Wednesday, 26 April 2017

Contest the Ideas

When did Politics around the World cease to be a contest of ideas?

When did Politics in Australia cease to have conviction?

When did our Politicians cease to stand for something?

The Hawke/Keating and Howard/Costello Governments played the Politics hard, very hard but they also developed ideas and executed policy.

I am not going to argue the merits of one or the other, just that they “did stuff”.

The move away from “ideas and policy execution” started with the Governments of Rudd and Gillard and has been continued, you might say perfected, by Abbott and Turnbull.

A few years ago, a friend and member of the Labour Party attended the State Conference for the first and what became last time. She came away both disillusioned and educated.

In simple terms, she explained to me the extreme difficulty the Party has reconciling the huge difference between the ideological extremes the party has to navigate. She explained the space between the right of the party and the hard left, and the pragmatic and the idealists, made achieving and keeping Government very challenging.

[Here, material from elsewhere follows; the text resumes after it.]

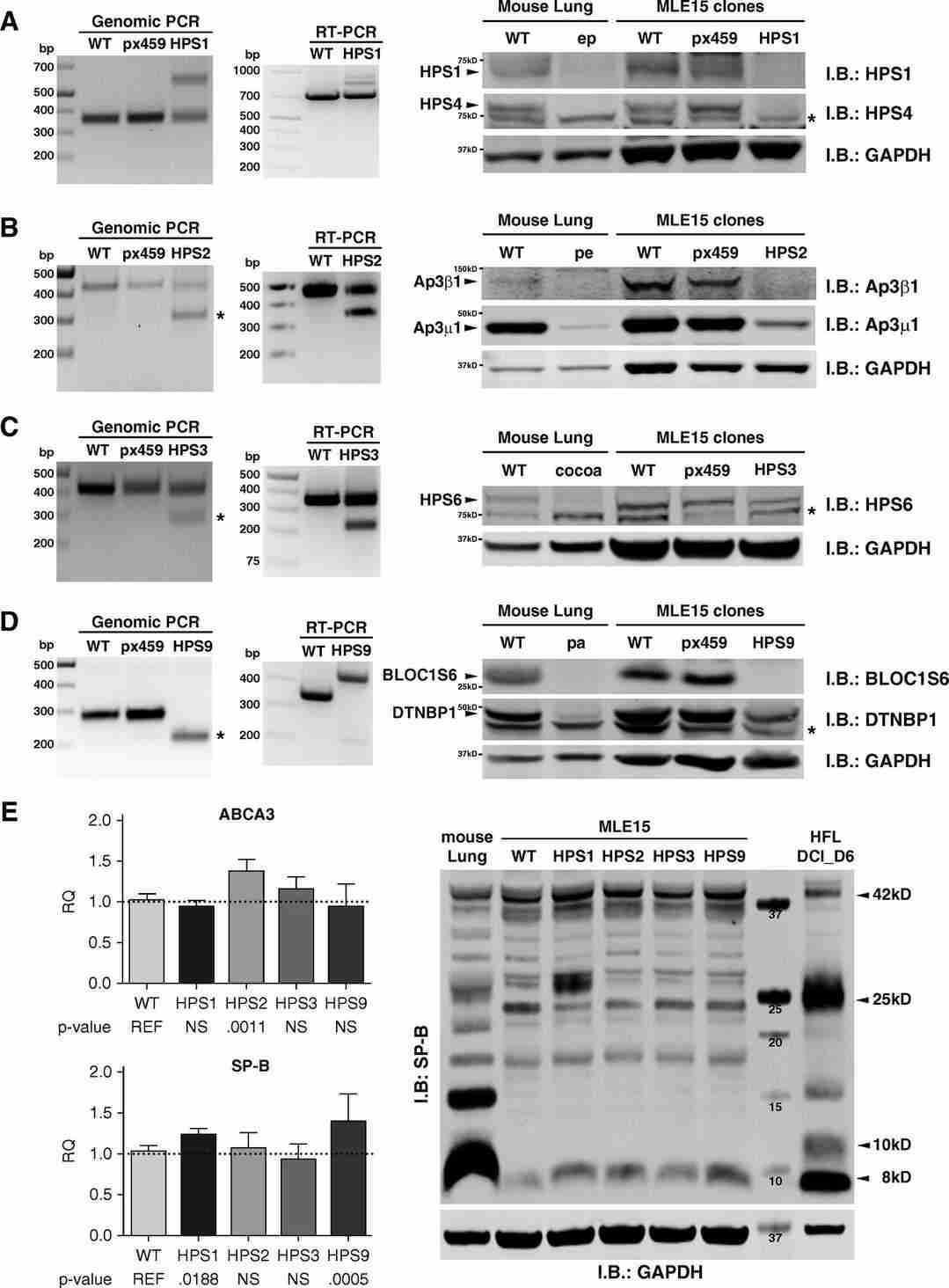 Validation of gene editing for Hermansky-Pudlak syndrome (HPS) in MLE-15 cells.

On the Liberal side, we are increasingly seeing the same, but opposite. The far right of the party and the moderates or “small L” Liberals are also separated by a great divide of equal magnitude.

In both Parties, the tendency has been to concentrate on “not upsetting” the different groups rather than standing for what is believed and allowing reasoned debate to win the day. The result has been to do nothing of conviction.

How do we get back to a contest of ideas and policy where we have Politicians arguing for our support based on what they believe in.

The Australian Conservatives Party has today achieved some substance with Family First folding in to it.

I would like to see the hard right members of the Liberal party leave and join forces with One Nation and the Australian Conservatives.

I would like to see the hard left or socialist left of the Labour Party join forces with the Greens.

This would leave four Parties of Politicians free to argue their beliefs and to develop ideas and policies based on their beliefs. Let’s call it – their conviction.

I mean, does anyone really believe Malcolm Turnbull supports new coal fired power stations?

Does anyone really believe Bill Shorten doesn’t want to investigate and eliminate alleged illegal behaviour of Union officials?

For example, I would like to see;-
  • Tony Abbott free to argue his case for significant reform of work practices,
  • Malcolm Turnbull support same sex marriage,
  • Bill Shorten promote responsible industrial labour reforms and Richard Natalie arguing to significantly increase migration.
Being able to present their ideas and policy without the need to appease highly diverse party factions would be refreshing and valuable. We, the public would be better informed and have a clear choice to make come Election Day. Instead of being told what we want, we would vote for what we want.

Any chance this will happen?


Just take a look at who is in the big office in the White House as proof that anything can happen.